Records from a dataset:
__________
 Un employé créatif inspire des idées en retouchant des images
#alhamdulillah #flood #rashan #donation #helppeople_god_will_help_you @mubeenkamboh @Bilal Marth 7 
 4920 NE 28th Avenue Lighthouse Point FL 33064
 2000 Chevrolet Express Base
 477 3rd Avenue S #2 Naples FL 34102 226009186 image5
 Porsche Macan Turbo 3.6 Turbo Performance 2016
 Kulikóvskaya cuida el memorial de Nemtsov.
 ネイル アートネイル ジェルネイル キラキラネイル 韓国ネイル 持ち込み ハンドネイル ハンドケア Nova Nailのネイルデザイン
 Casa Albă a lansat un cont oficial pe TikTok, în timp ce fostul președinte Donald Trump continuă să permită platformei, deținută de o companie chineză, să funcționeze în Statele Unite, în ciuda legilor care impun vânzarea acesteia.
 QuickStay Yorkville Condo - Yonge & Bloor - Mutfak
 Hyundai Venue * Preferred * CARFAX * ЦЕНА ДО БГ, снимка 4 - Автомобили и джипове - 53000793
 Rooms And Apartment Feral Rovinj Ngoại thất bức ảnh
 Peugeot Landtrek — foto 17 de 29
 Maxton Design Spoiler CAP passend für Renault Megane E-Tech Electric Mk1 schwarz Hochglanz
__________
Lines above that include the string "Avenue" need to be copied.

Solution to this task ▸
 4920 NE 28th Avenue Lighthouse Point FL 33064
 477 3rd Avenue S #2 Naples FL 34102 226009186 image5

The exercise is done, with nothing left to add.